Гоги бросает на препятствие орлиный взгляд и ворчит: "На шоссе этого с нами не случилось бы".
Реваз, подбоченившись, тяжело дышит и делает вид, будто бы ничего не слышит.
После небольшого раздумья Гоги вынимает из машины топор и, ничего не говоря, срубает с одного из деревьев толстый, довольно прямой сук. Подсовывая его вдвоем под ствол, как лом, мы пытаемся свалить срубленный гигант, используя рычаг. Но наш рычаг трещит и скрипит, а ствол даже не шевелится. Выдохшись, подходим к машине и садимся.
Но в этот момент мы слышим на верхнем конце дороги грохот камней. Шум становится все ближе, а через несколько минут из-за ближайшего выступа скалы выезжает оливково-зеленый самосвал. Приближаясь с выключенным мотором, он останавливается примерно метрах в двадцати от преграды. Из машины выходят четверо мужчин. С надеждой Реваз подбегает к ним и что-то быстро говорит на своем родном языке.
Пассажиры машины, смеясь, смотрят наверх, засучивают рукава и оглядывают непреодолимое для нас препятствие. Затем двое из них приносят большой плоский камень и подсовывают его, насколько это возможно, под середину ствола.
С напряженным вниманием мы наблюдаем за тем, что происходит. Проходят секунды, минуты. Бревно не трогается, лежит, как застывший бетон.

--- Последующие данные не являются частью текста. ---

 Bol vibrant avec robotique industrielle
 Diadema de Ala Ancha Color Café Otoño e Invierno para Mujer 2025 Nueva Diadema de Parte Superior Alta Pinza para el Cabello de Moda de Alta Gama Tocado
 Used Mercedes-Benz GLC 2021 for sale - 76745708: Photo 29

Но вот оно вздрагивает и медленно, еле заметно перекатываясь, делает оборот, поворачивается тяжелым концом к краю пропасти и с грохотом летит вниз. Вот это да! Мы выходим из машины и идем благодарить наших друзей по несчастью.

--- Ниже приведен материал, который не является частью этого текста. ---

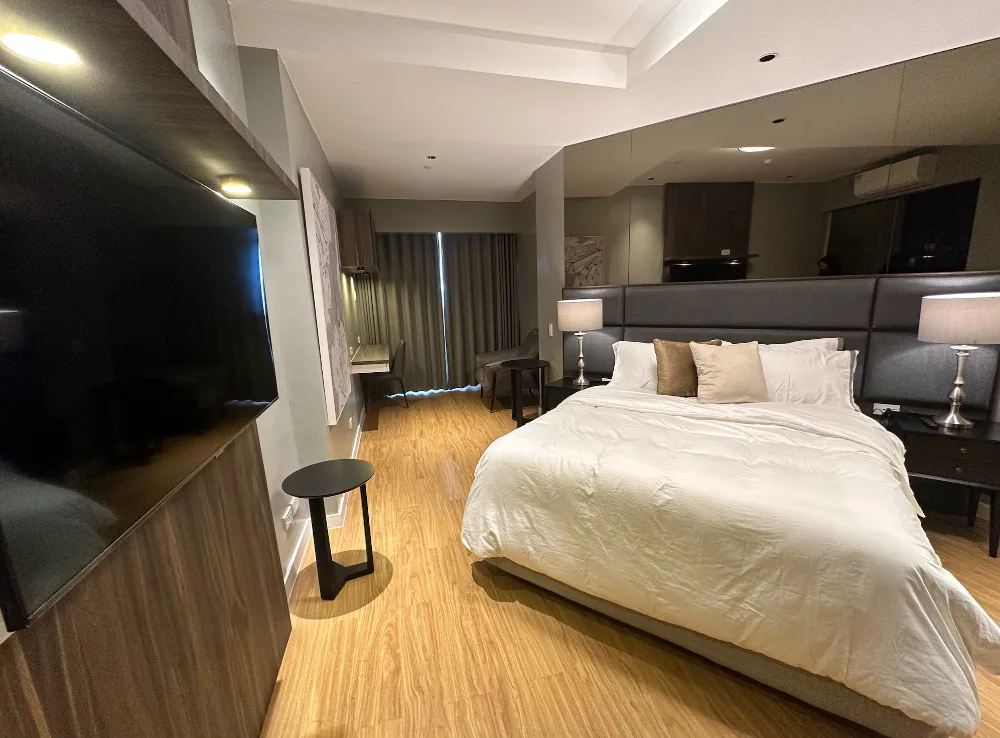 novotel-tower-2-bedrooms-for-rent-at-acqua-private-residences-for-rent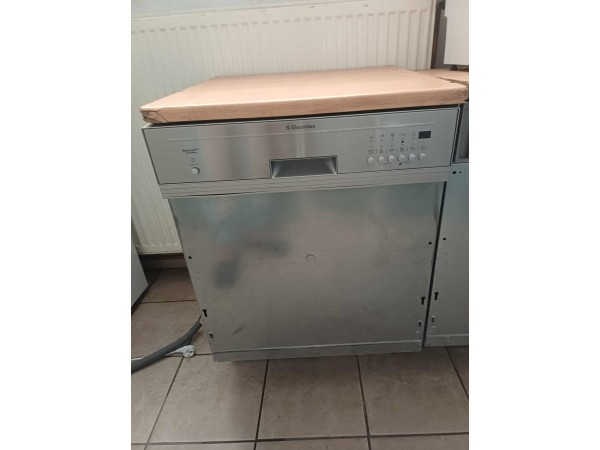 Használt Electrolux ESI66065XR Beépíthető mosogatógép [H17199] 
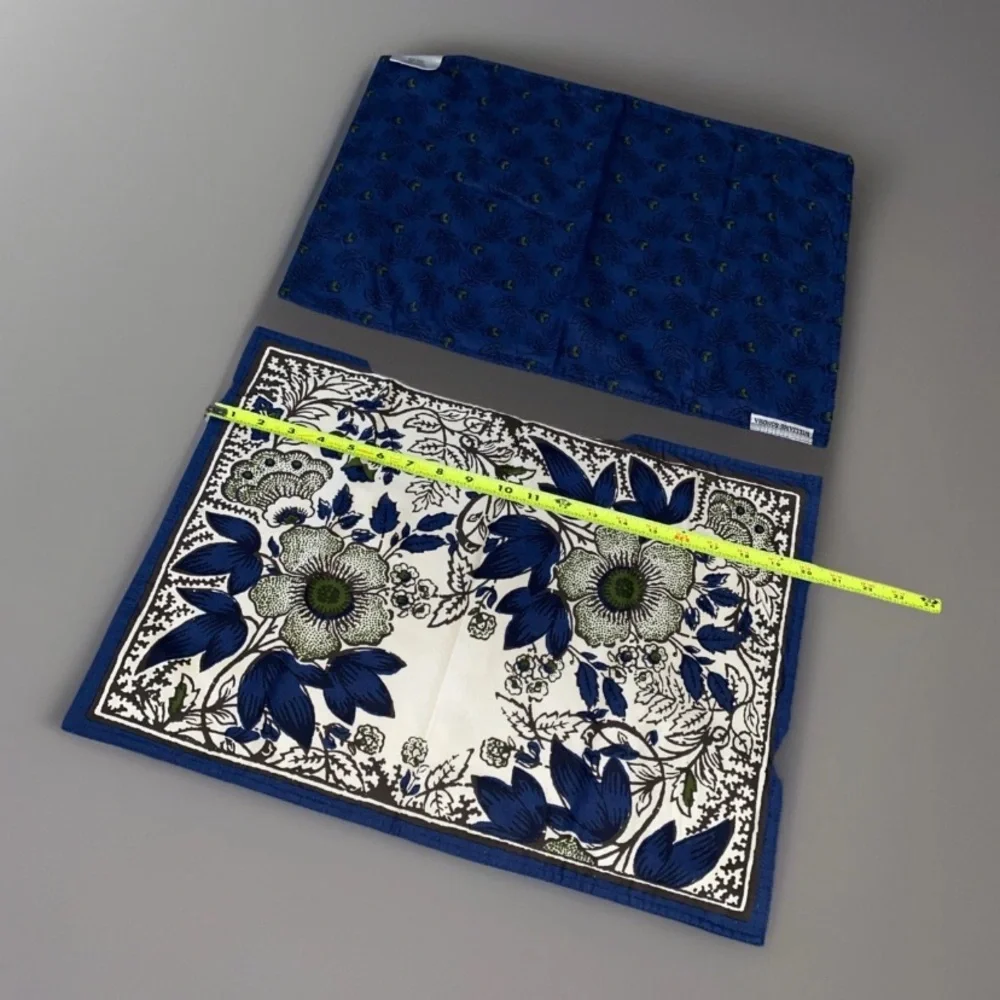 Williams Sonoma Navy Blue Cream Floral Placemats Set‎ (2)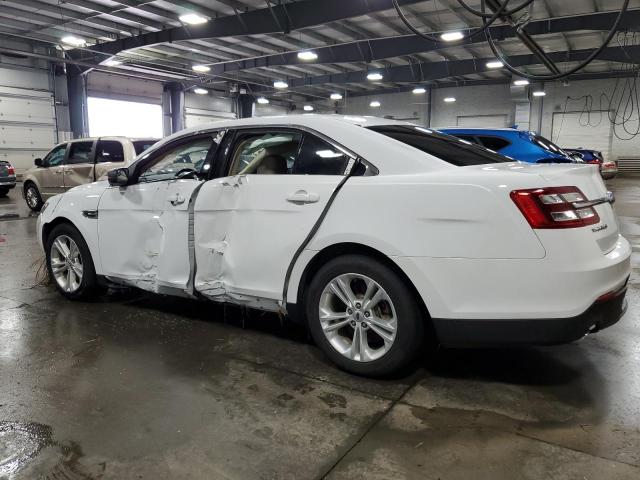  FORD TAURUS 2016 Белы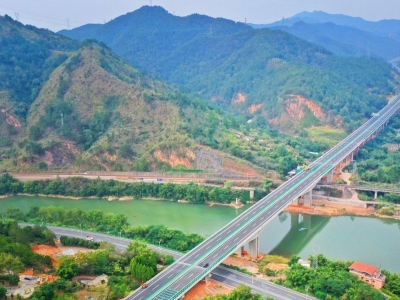 “十四五”梅州蓝图丨基本实现“五龙”入梅江、县县通高铁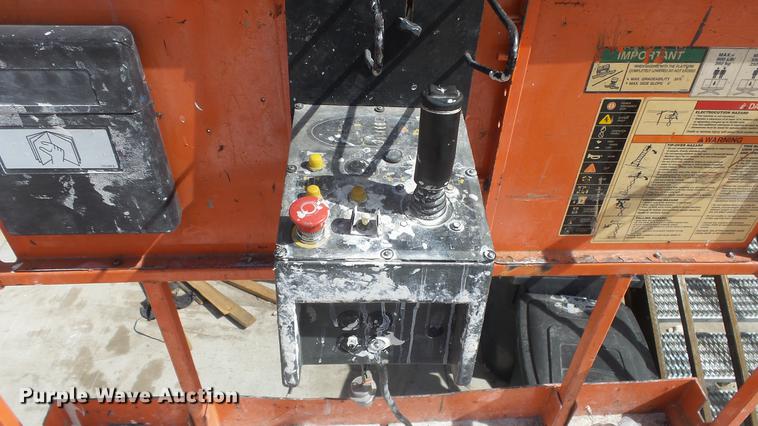 image for item EA9887 JLG 4069LE scissor lift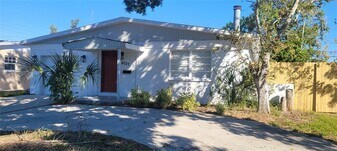 4027 Huntington St NE in St. Petersburg, FL - Building Photo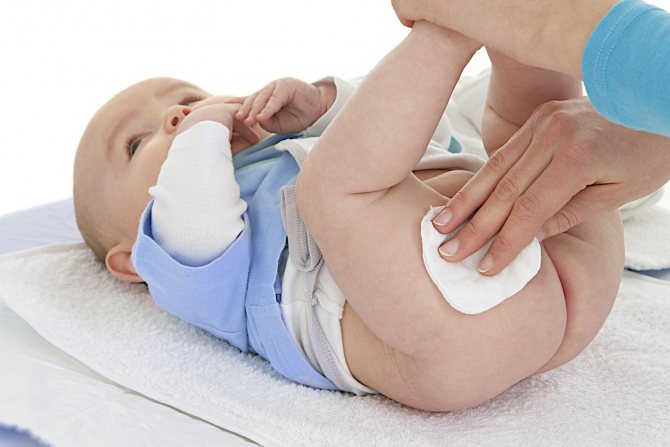 Diaper rash on the bottom of an infant, treatment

— Что? Вы немец! — говорит самый старший из них, неуклюжий, с огромной седой гривой волос, которого другие называют начальником, шефом. — Гость из Германской Демократической Республики? Так его нужно встретить как положено, по обычаю!

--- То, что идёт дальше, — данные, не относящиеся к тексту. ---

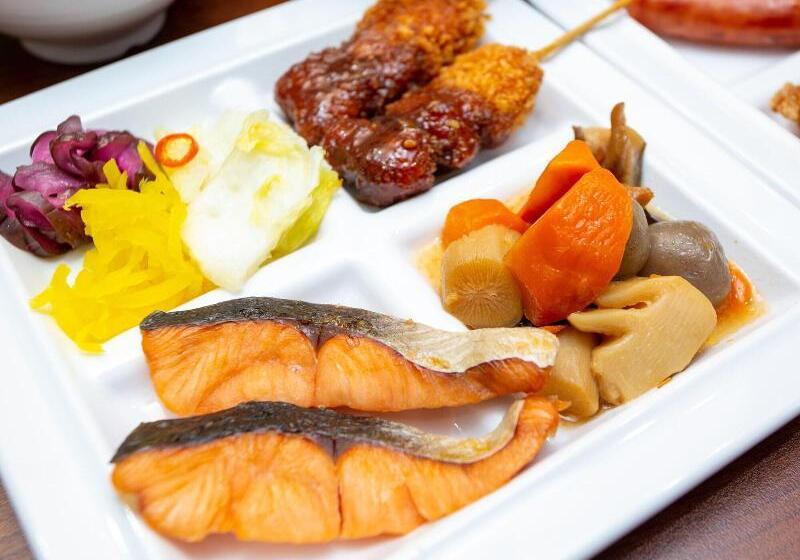 Отель Kuretake Inn Premium Ogaki Ekimae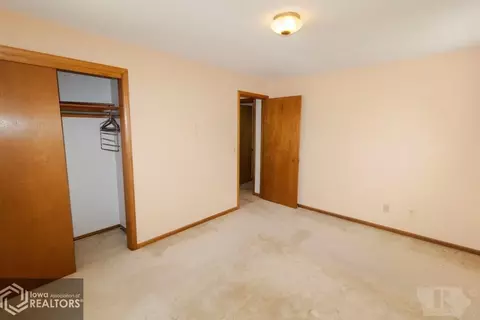 902 2nd Ave Dr SE, Hampton, IA 50441 photo 13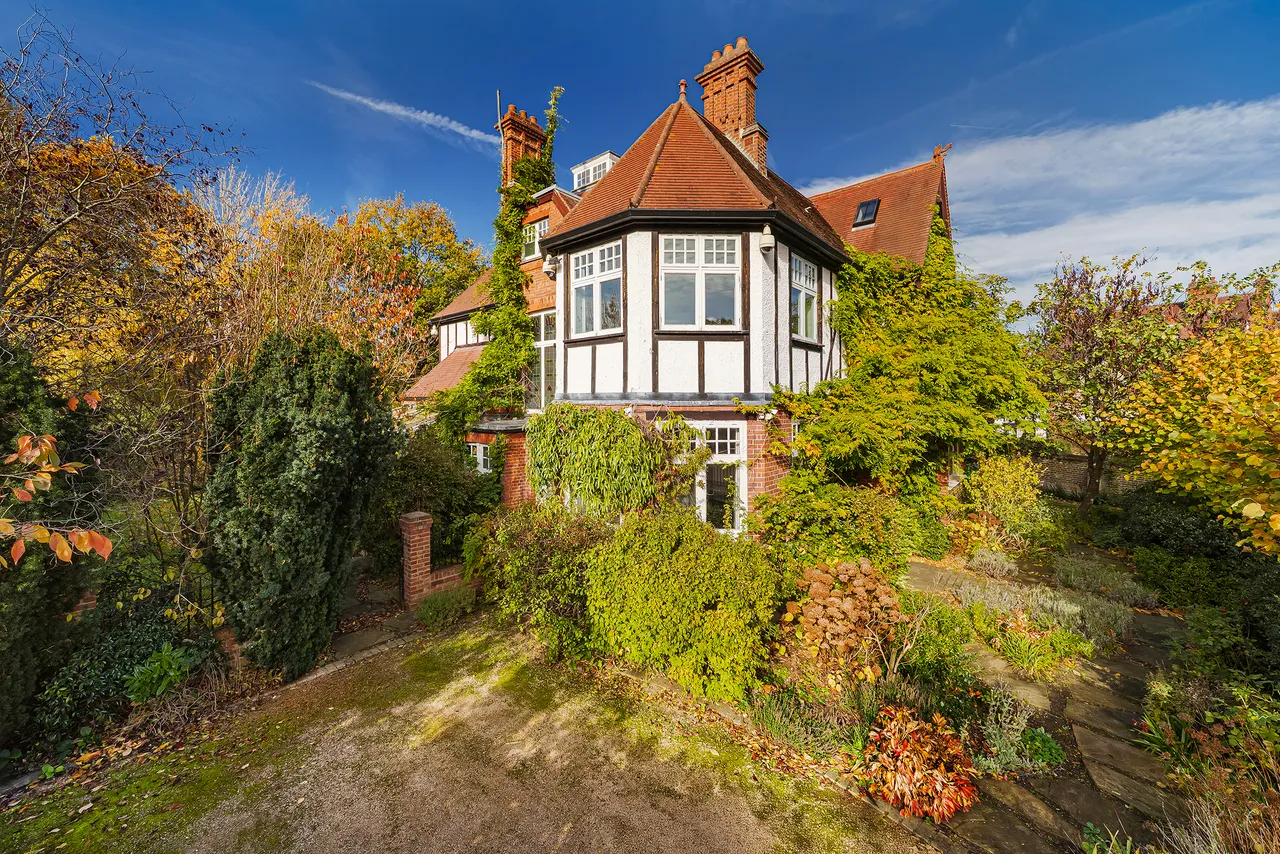 St. Georges Road, Twickenham, Richmond, South West London, photo 3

Реваз противится, но это не помогает. Не успеваем мы опомниться, как прямо на камнях — где же еще? — расстилают белую скатерть, режут хлеб, колбасу, сыр и из широких плетеных бутылей разливают в глиняные кружки красное вино.
…Солнце уже высоко в небе, когда мы наконец попадаем на голый, холодный гребень Малого Кавказа. Вместо ударов гальки нас теперь сопровождает шуршащий скрип: мы едем через заснеженные горные луга. У одной ровной впадины мы останавливаемся, чтобы пропустить пастуха с отарой овец.
— Там, впереди, уже турецкая граница, — говорит Реваз и показывает вдаль, через блеющих овец. — Километров пятнадцать, не больше.
— А до Рустави сколько? — спрашиваю я.
Реваз недовольно машет рукой. Нам нужно было бы быть там еще до обеда.